No automatic pilot for visually guided aiming based on colour

It has been claimed that visually guided limb movements are automatically corrected in response to a change in target location but not when the same change in target is cued through a colour switch (Pisella et al. 2000). These findings were based solely on limb endpoint data. Here we examine the kinematic trajectory of the hand during the entire movement. Participants pointed rapidly to a target object that could change position either by changing spatial location, or by switching colour with a second object. Participants performed in two instructional conditions: a "go" condition to index intentional movements and a "stop" condition in which failures to stop pointing indexed automatic limb guidance. Kinematic analysis indicated efficient intentional pointing in both location and colour change conditions. However, only targets that changed spatial location elicited involuntary limb modifications and these occurred within 150 ms of the change. This conclusion held even after baseline differences in the efficiency of processing colour-defined targets were taken into account, thereby strengthening the claim of a strongly automatic pilot for visually guided limb movements.

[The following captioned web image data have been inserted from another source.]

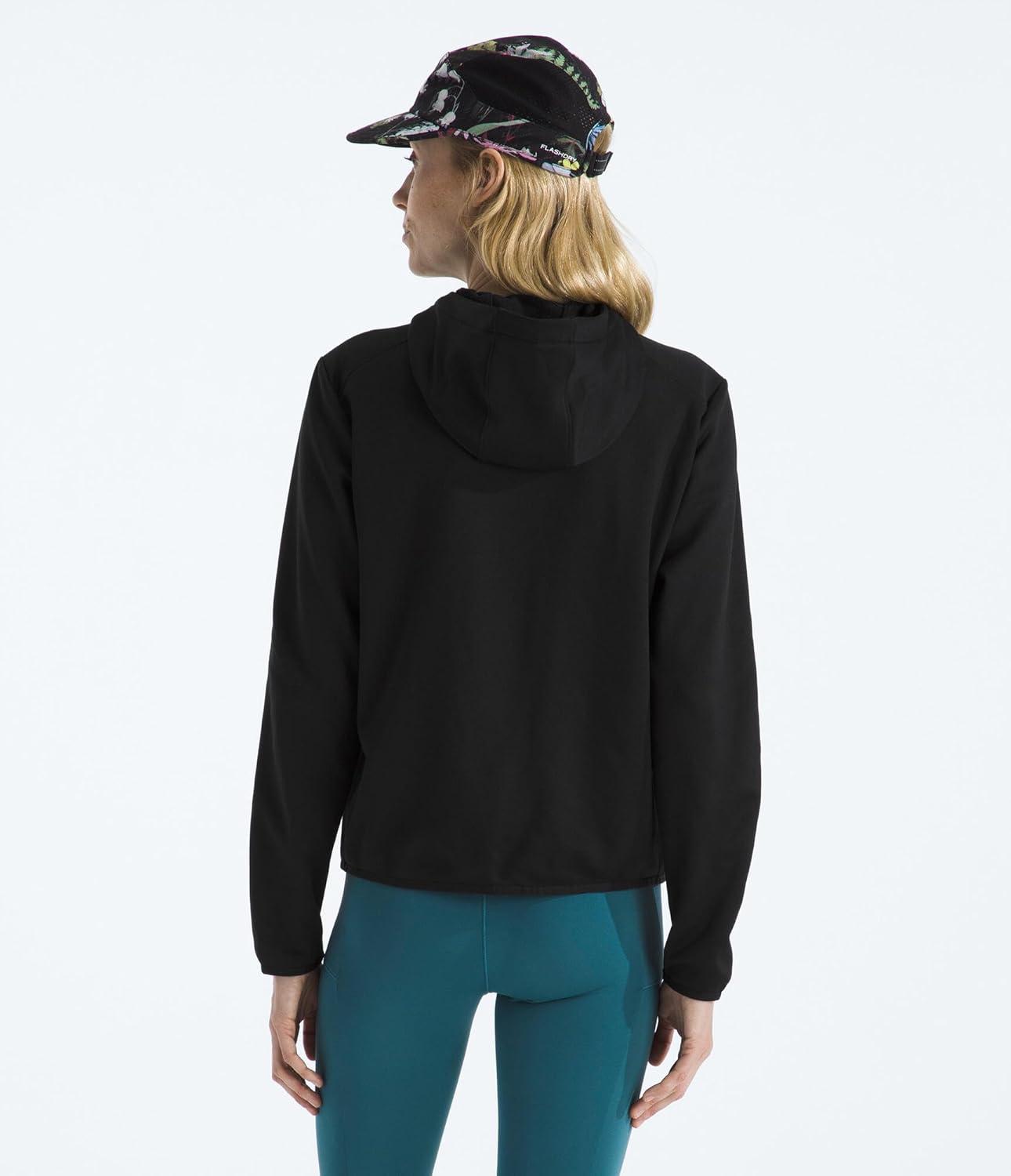 imageThe North Face womens Tnf Performance Fleece Full Zip HoodieTnf Black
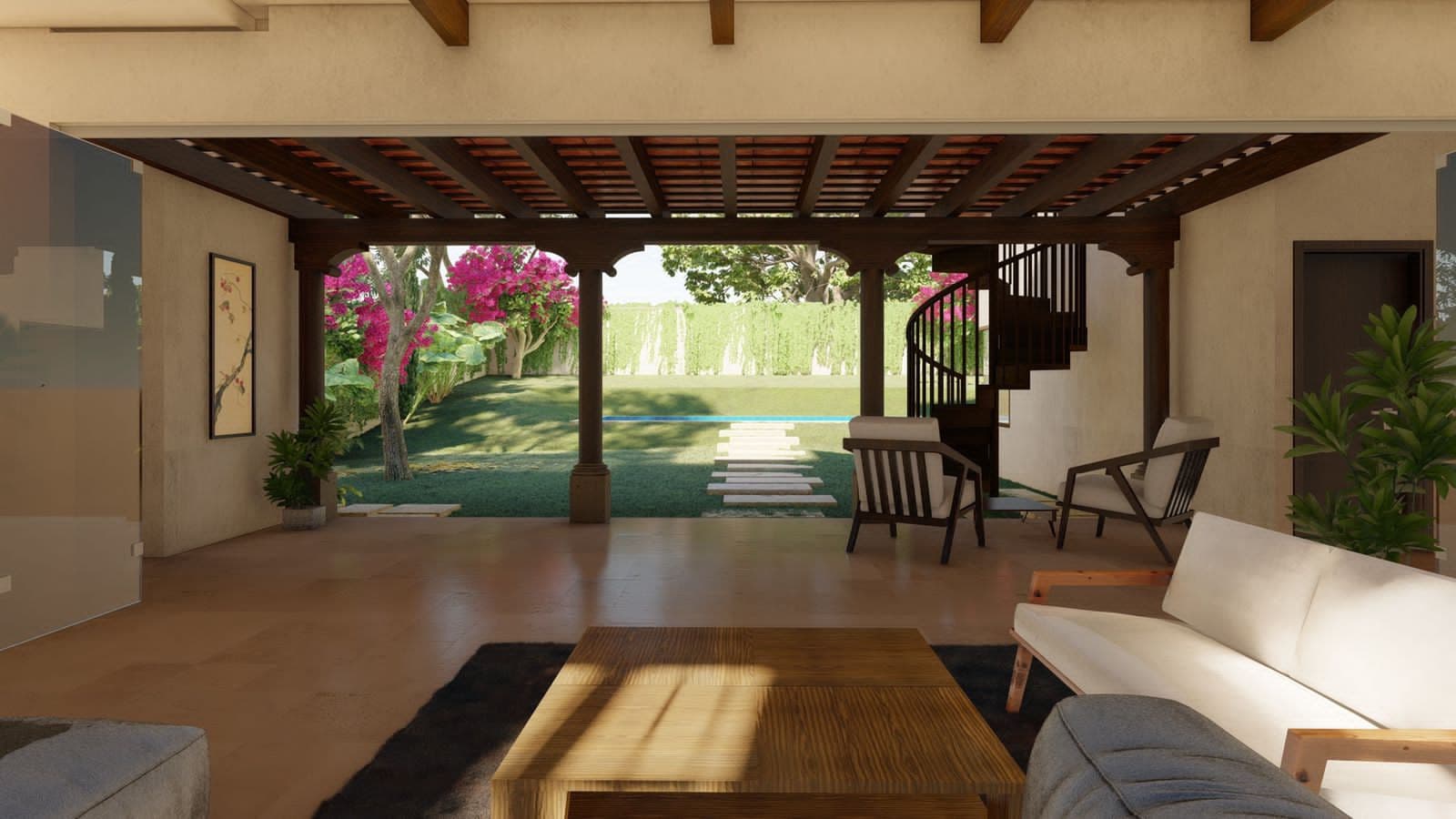 Casa Aurora Cortijo Las Flores -Antigua - 1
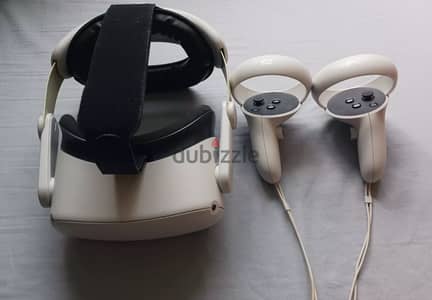 Clean Meta Oculus Quest 2 128GB + Headstrap ممتازه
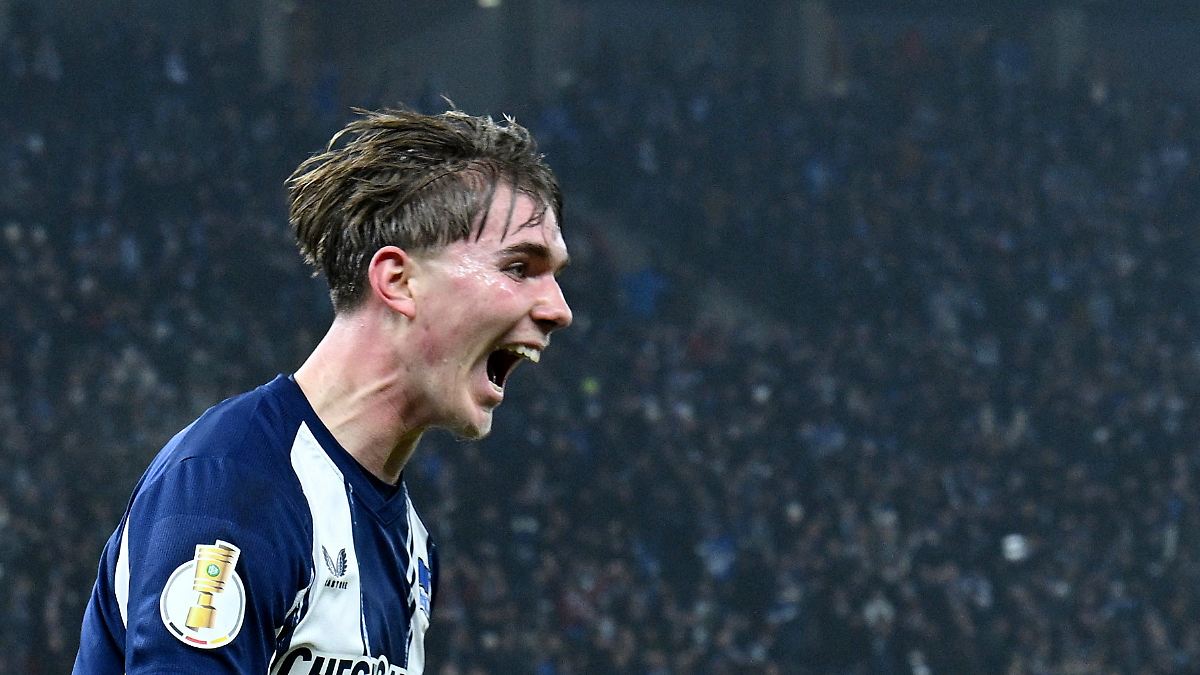 Kennet Eichhorn wächst zu schnell: Das 16-jährige Hertha-Phänomen, das ganz Europa verrückt macht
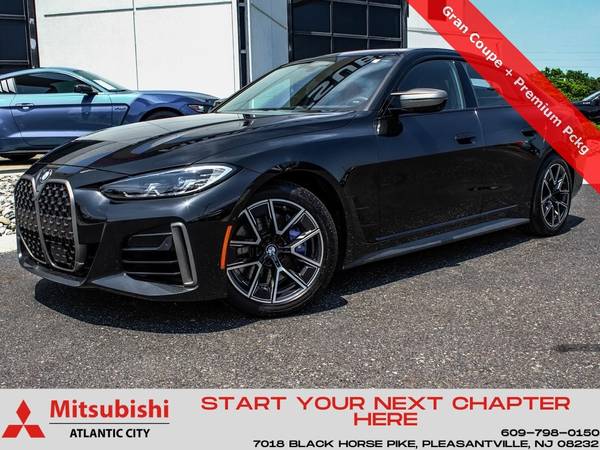 BMW 4 Series Gran Coupe with VIN: WBA13AW07RFT28371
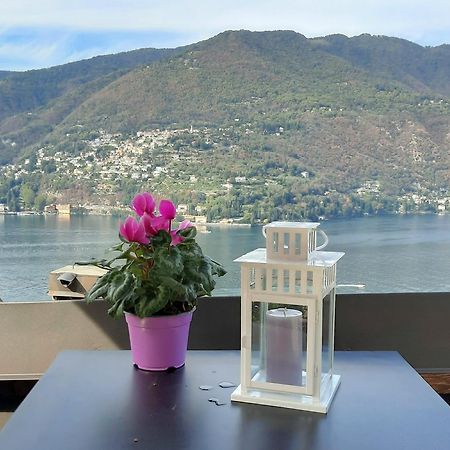 Luxury Room La Terrazza Sul Lago Di Como Blevio Exterior photo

Identifying visual-vestibular contributions during target-directed locomotion

The purpose of this experiment was to examine the potential interaction between visual and vestibular inputs as participants walked towards 1 of 3 targets located on a barrier 5m away. Visual and vestibular inputs were perturbed with displacing prisms and galvanic vestibular stimulation (GVS), respectively. For each target there were three vision conditions (no prisms, prisms left, and prisms right), and three GVS conditions (no GVS, anode left, and anode right). Participants were instructed to start with eyes closed, and to open the eyes at heel contact of the first step. GVS and target illumination were triggered by the first heel contact. This ensured that the upcoming visual condition and target were unknown and that both sensory perturbations occurred simultaneously. Lateral displacement was determined every 40 cm. Irrespective of target or direction, GVS or prism perturbation alone resulted in similar lateral deviations. When combined, the GVS and prism perturbations that had similar singular effects led to significantly larger deviations in the direction of the perturbations. The deviations were approximately equal to the sum of the single deviations indicating that the combined effects were additive. Conflicting GVS and prism perturbations led to significantly smaller deviations that were close to zero, indicating that opposite perturbations cancelled each other. These results show that when both visual and vestibular information remain important during task performance, the nervous system integrates the inputs equally.

Assessing vestibular contributions during changes in gait trajectory

Displacing prisms and galvanic stimulation were used to examine visual-vestibular interactions during target-directed gait. Participants walked towards a wall 6 m away. After taking four steps, a target on the wall, located directly in front or to the right of the participant, was illuminated. Participants continued walking towards the target. Galvanic vestibular stimulation was triggered at either gait initiation, a step before the potential turn, or at target illumination. Although the visual and vestibular perturbations significantly altered gait trajectory, the greatest interaction occurred when galvanic stimulation was triggered one step before the target appeared. This implies an increase in the weighting of vestibular inputs just before turning to prepare for the potential change in direction.